Mas sabia que, com a personalidade dele, se dissesse que não queria ir, ele se irritaria muito, e as consequências seriam ainda piores.
Depois de pensar bastante, Chu Yan decidiu ceder.
Seguiu ele pelo caminho todo.
Só pararam quando ela já não conseguia mais andar.
Erguendo o braço para enxugar o suor da testa, ela levantou a cabeça com esforço e viu, diante de si, quatro grandes caracteres de ferro:
“Mercado de Frutos do Mar”
— Jun Yuecheng, por que me trouxe aqui?
Ela olhou para ele, confusa.
O mercado de frutos do mar, como o nome indica, vendia frutos do mar vivos.
Como o horário de almoço já tinha passado, o lugar não estava muito cheio.
Diversos frutos do mar estavam em tanques.
O mercado ficava à beira-mar, e logo atrás dela se via o azul do oceano, com uma brisa fresca que tornava o ambiente agradável.
O cheiro salgado do mar ajudava a relaxar.
— Vamos comprar caranguejos.
— Comprar caranguejos para quê?
Ela não entendia. Todos os frutos do mar ali estavam vivos, não preparados. Ele não estaria pensando em levar caranguejos vivos para casa, não é?
— Para cozinhar, claro. O que mais?
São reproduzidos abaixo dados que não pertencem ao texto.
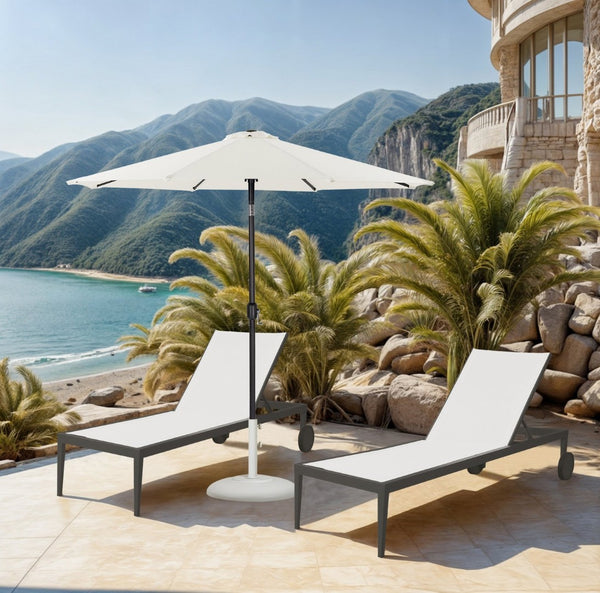 Meridian Furniture Fiji Resort Style Outdoor Umbrella with Aluminum Pole Water Resistant Canopy and Base 55016White-BW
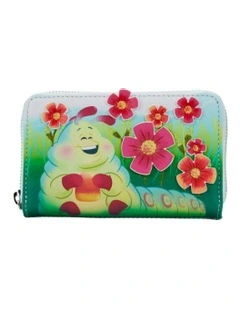 Faux Leather Earth Day Zip Around Closure Purse Wallet 6x3 in Multi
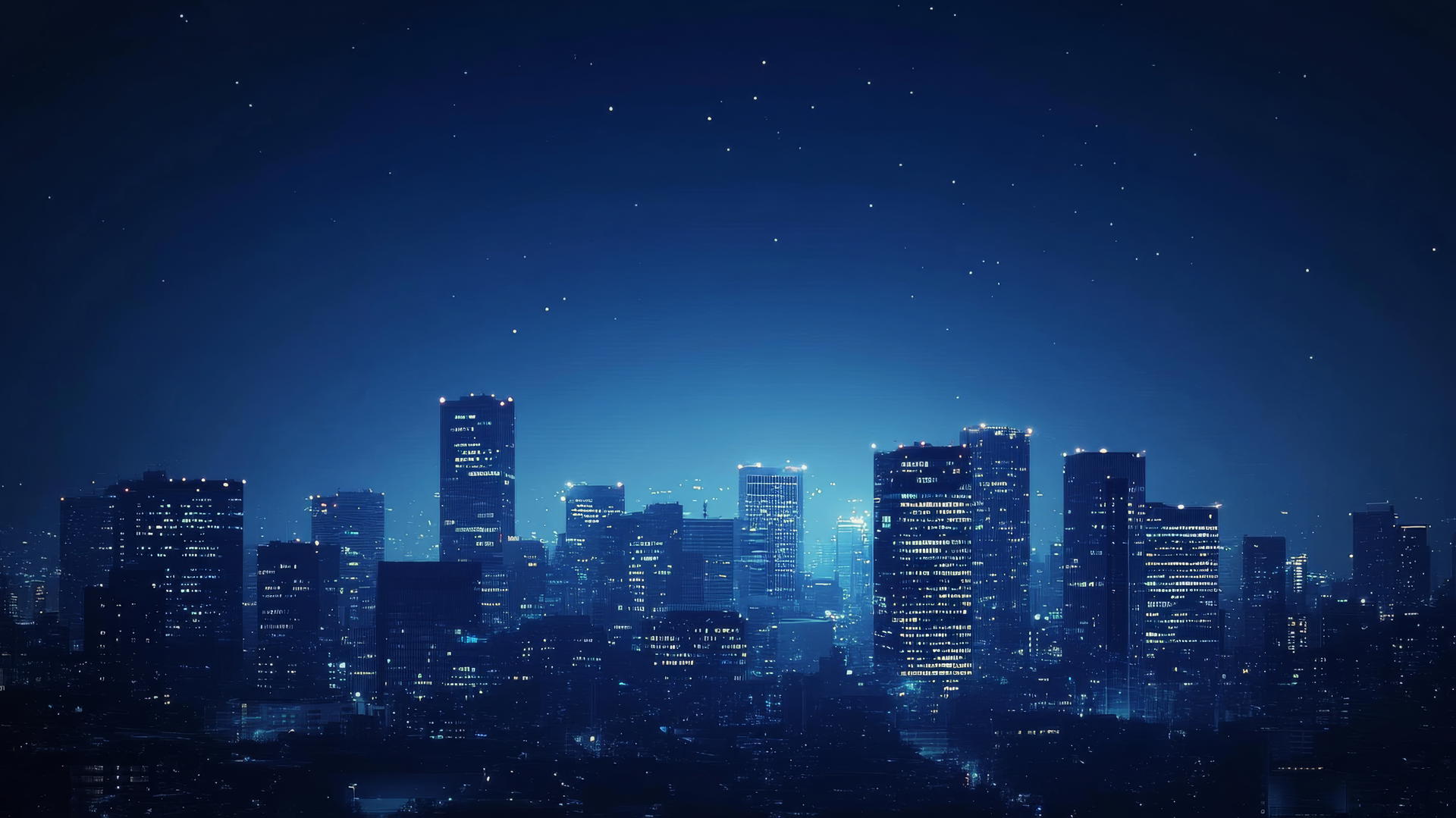 navy blue wallpaper featuring a city skyline silhouette at twilight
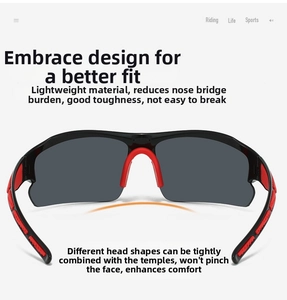 Detail of ergonomic cycling sunglasses with red anti-slip pads and flexible temples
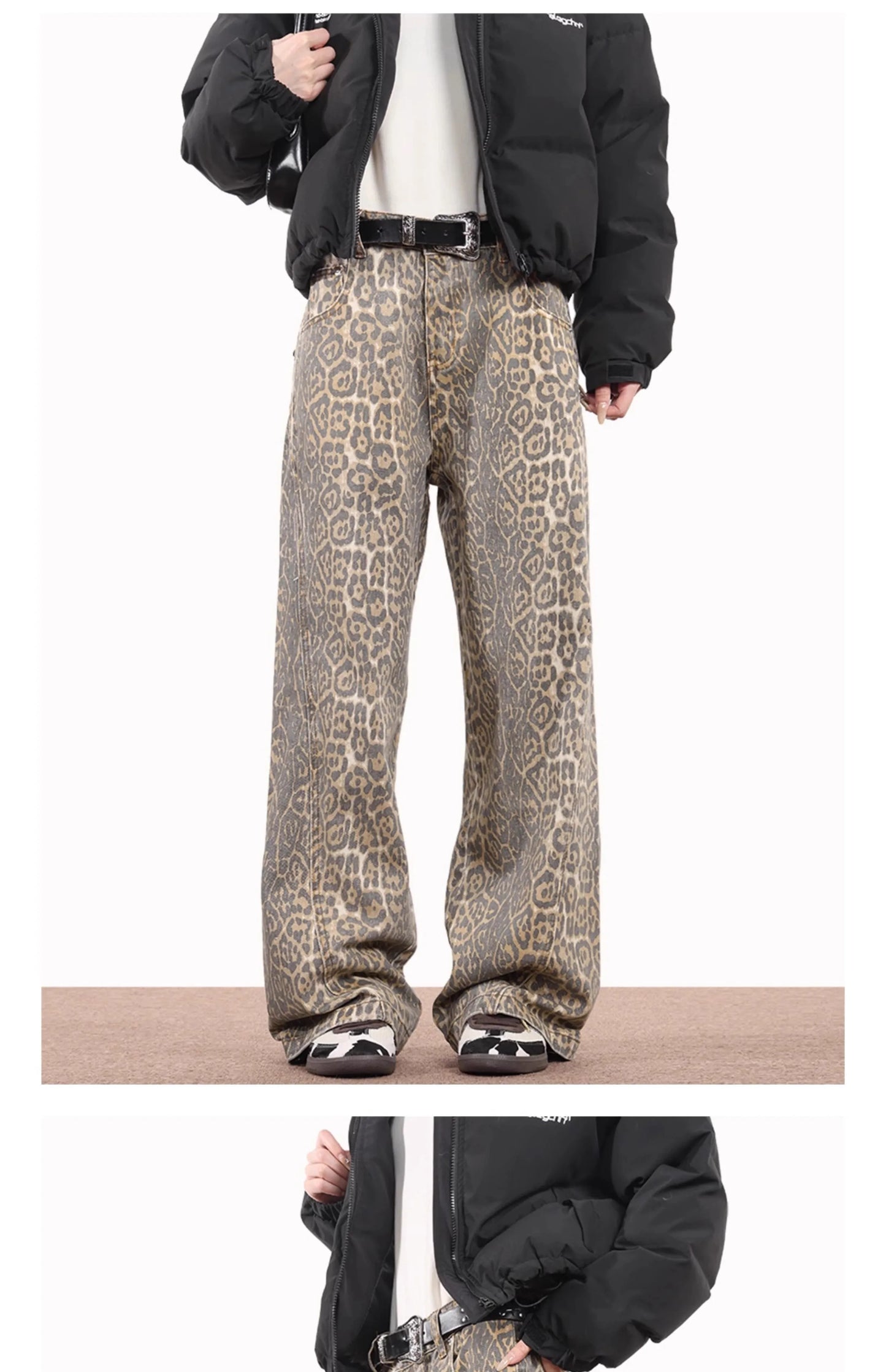 American Style Leopard Wash Jeans Women Y2K Retro Street Hot Girl Loose Casual Pants High Waist Straight Leg Jeans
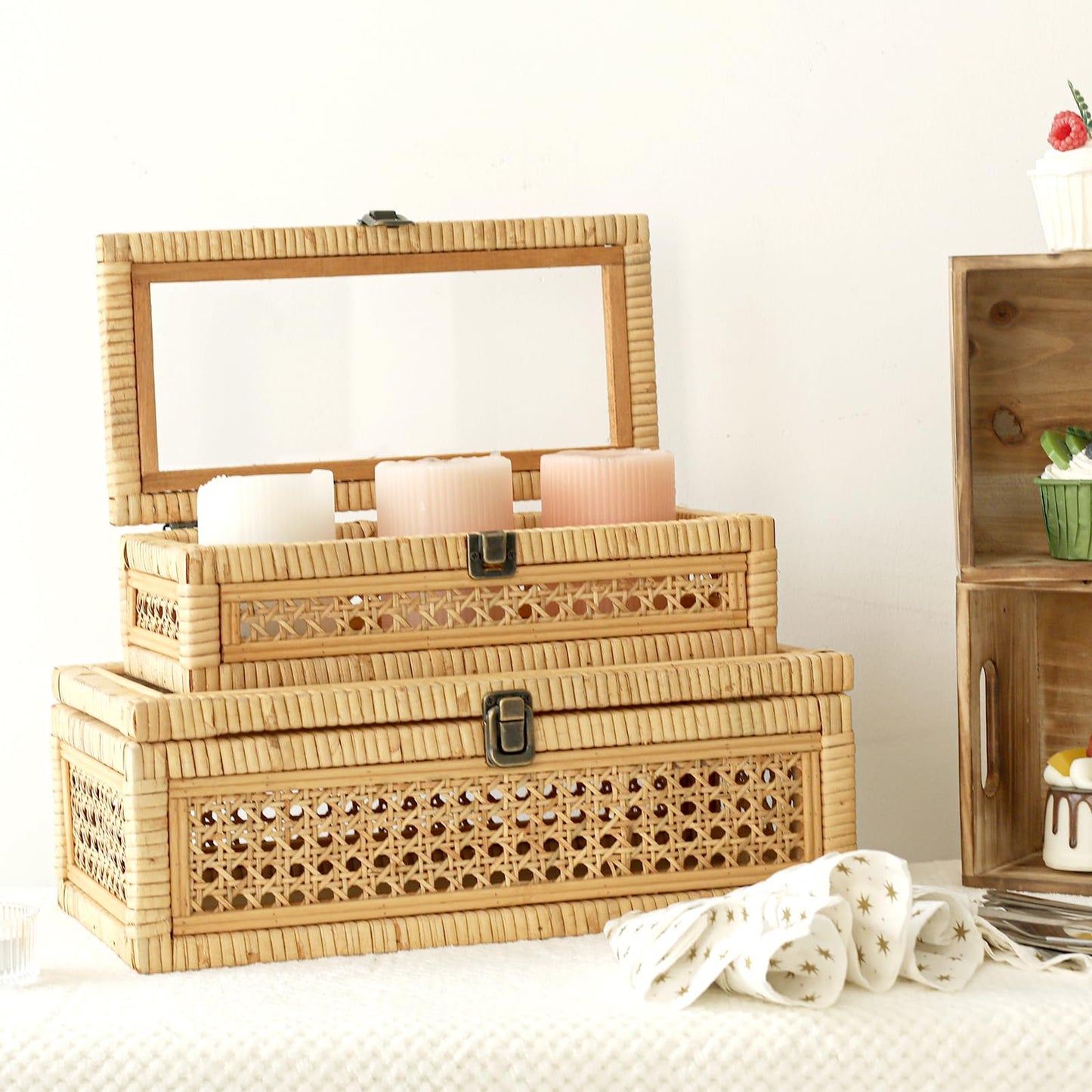DECOR4SEASON Rattan and Cane Stacking Boxes with Glass Top Lid - Set of 2 for Boho, and Rustic Farmhouse Decor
Você anda comigo tão pouco que já está perdendo a inteligência?
Ele exibia um sorriso de satisfação.
Chu Yan não pôde deixar de resmungar:
— Essa parte eu não aceito.
Ficar com ele acelerava seu coração, quanto à inteligência, nem se fala.
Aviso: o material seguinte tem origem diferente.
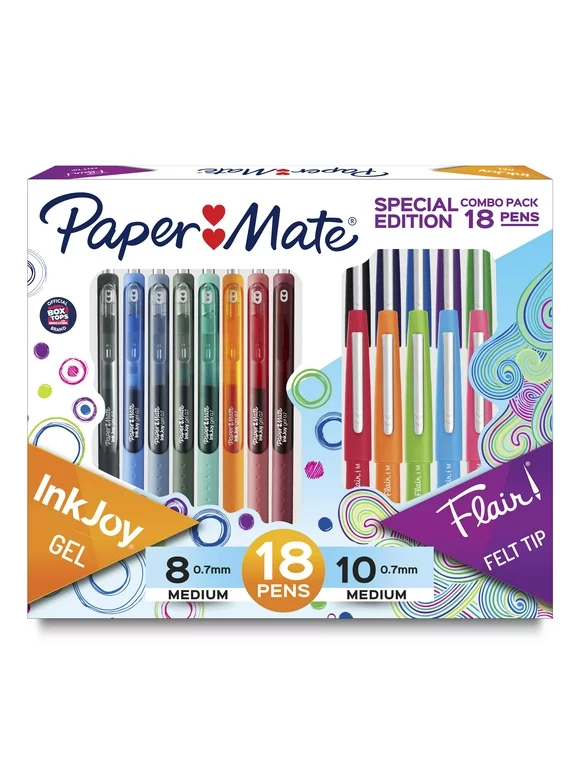 Paper Mate Flair / Ink Joy Gel Retractable Pens, Assorted 18 Count, Holiday 2022 Pack
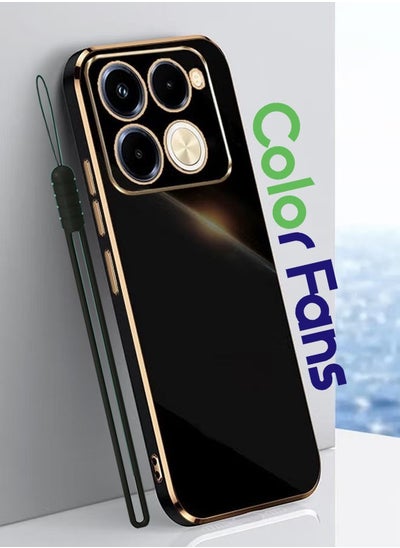 Buy For Infinix Note 40 Pro/Pro+ 5G Case Glossy Electroplating TPU Protective Cover Gold-Black in Saudi Arabia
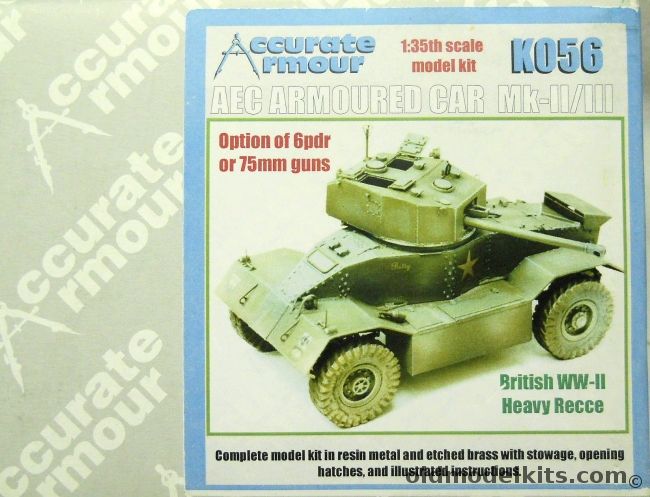 Accurate Armour 1/35 AEC Armoured Car Mk-II/II - 6 pdr Or 75mm Gun - British WWII Heavy Recce Vehicle, K056 plastic model kit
Se fosse assim, ela teria diminuído a inteligência por passar muito tempo com ele.
— Mulher, será que dói tanto ser honesta?
Ele reclamou, mudando a atitude fria para algo mais carinhoso e tranquilizador.
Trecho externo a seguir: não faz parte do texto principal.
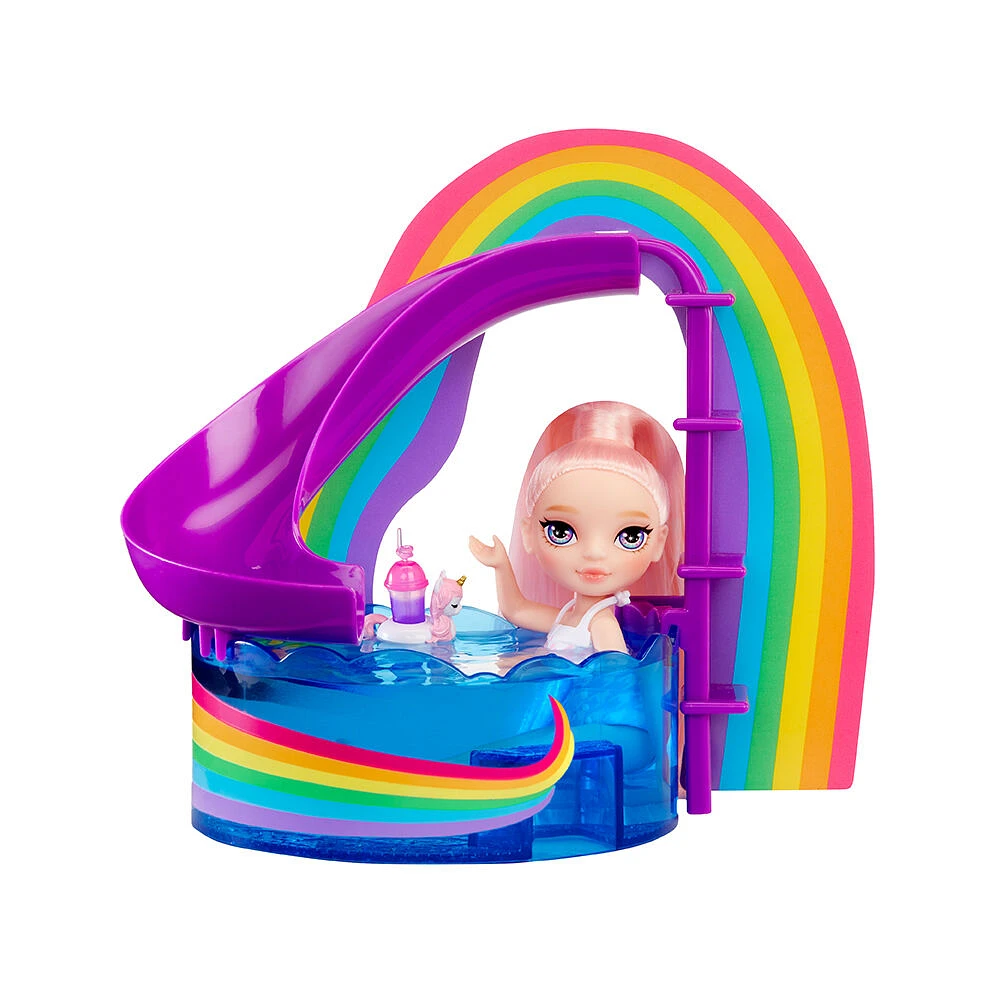 Rainbow High Littles Pool Day Playset + Small Doll (Pink 5.5")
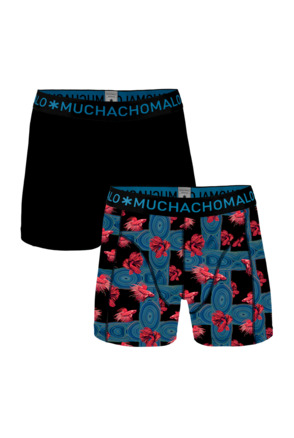 Jongens 2-pack shorts Tegen de stroom Print/Black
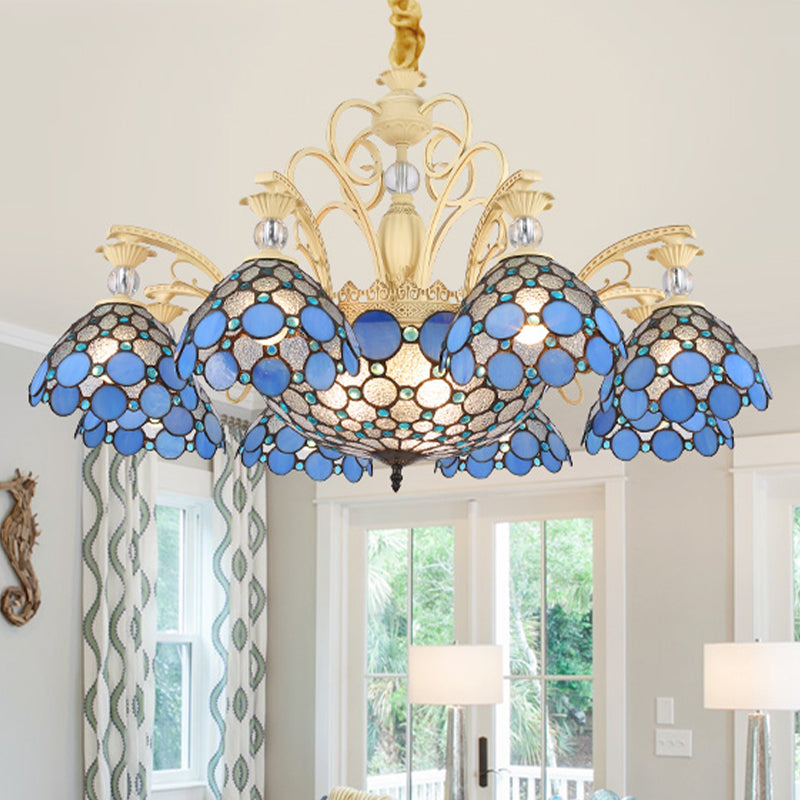 Blue Beaded Chandelier Mediterranean 6/9/11 Lights Stained Art Glass Hanging Pendant Light for Bedroom Clearhalo 'Ceiling Lights' 'Chandeliers' 'Industrial' 'Middle Century Chandeliers' 'Tiffany Chandeliers' 'Tiffany close to ceiling' 'Tiffany' Lighting' 331315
Ela devia estar doente ou com algum problema de visão.
— Desculpe, eu nunca minto.
Ela desviou o olhar.
Ele se aproximou subitamente.
— É? Se você não mente, por que me enganou e saiu do castelo?
Ao ouvir isso, o olhar dela ficou triste.
Ele estava certo. Embora a pessoa com quem ele tenha falado fosse Lan Qirui, ela estava junto e sabia de tudo, então, de certa forma, também mentiu para ele.
Por isso, não podia negar.
— Tudo bem, desta vez eu te perdoo. Vamos comprar caranguejos.
Ele estava surpreendentemente fácil de lidar.
Mas ela viu algo diferente em seu olhar enquanto baixava a cabeça em silêncio: um brilho sombrio. Por um instante, ela pensou que ele fosse cobrar alguma coisa ali, mas não aconteceu; ele a deixou ir com facilidade.
Embora fosse Jun Yuechen quem comprasse os caranguejos, ele quase não olhou para eles.
Ela que ficou encarregada de escolher.
No começo, ela não estava acostumada.
Ele a puxou para frente de uma loja para que escolhesse, e ela ficou perdida.
Vendo isso, Jun Yuecheng logo a puxou para longe, deixando o dono da loja confuso, sem entender onde tinha errado.
Depois de visitar algumas lojas, ela entendeu: ele queria que ela escolhesse, e, sempre que ela hesitava em uma loja, ele achava que ela não gostava e logo a levava embora.
Entendendo isso, ela ficou sem palavras, mas feliz por dentro.
Finalmente, após esclarecer isso, compraram os caranguejos.